DIRECTIONS >> Write out exactly the lines of the entries below, from the first through the line containing "Fairy Lilac Glitter", and nothing beyond them.

== PROVIDED DATA

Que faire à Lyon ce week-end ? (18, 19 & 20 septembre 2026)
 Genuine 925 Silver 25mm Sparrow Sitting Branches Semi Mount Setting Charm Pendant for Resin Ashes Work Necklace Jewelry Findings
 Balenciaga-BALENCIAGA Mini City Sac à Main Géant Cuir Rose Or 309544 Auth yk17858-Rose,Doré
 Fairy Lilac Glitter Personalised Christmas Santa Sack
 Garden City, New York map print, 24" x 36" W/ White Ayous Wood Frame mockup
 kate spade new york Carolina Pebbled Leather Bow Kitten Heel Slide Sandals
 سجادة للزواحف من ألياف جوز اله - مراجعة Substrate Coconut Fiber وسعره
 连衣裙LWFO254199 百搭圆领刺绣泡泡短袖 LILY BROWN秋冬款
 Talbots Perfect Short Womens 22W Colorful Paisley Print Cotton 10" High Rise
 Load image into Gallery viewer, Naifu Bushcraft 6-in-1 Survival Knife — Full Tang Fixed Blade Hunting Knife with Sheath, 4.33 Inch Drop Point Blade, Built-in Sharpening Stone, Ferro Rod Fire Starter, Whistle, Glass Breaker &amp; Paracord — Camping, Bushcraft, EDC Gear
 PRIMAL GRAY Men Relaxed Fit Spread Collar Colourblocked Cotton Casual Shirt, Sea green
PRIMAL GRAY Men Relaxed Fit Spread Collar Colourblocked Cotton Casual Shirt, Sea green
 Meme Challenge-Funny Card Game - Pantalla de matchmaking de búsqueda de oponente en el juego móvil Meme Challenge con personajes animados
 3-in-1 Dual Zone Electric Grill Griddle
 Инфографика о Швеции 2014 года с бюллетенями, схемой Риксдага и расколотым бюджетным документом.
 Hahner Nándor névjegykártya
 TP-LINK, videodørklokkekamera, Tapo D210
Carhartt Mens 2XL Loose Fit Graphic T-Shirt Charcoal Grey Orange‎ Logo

====

WRITTEN ANSWER >>
Que faire à Lyon ce week-end ? (18, 19 & 20 septembre 2026)
 Genuine 925 Silver 25mm Sparrow Sitting Branches Semi Mount Setting Charm Pendant for Resin Ashes Work Necklace Jewelry Findings
 Balenciaga-BALENCIAGA Mini City Sac à Main Géant Cuir Rose Or 309544 Auth yk17858-Rose,Doré
 Fairy Lilac Glitter Personalised Christmas Santa Sack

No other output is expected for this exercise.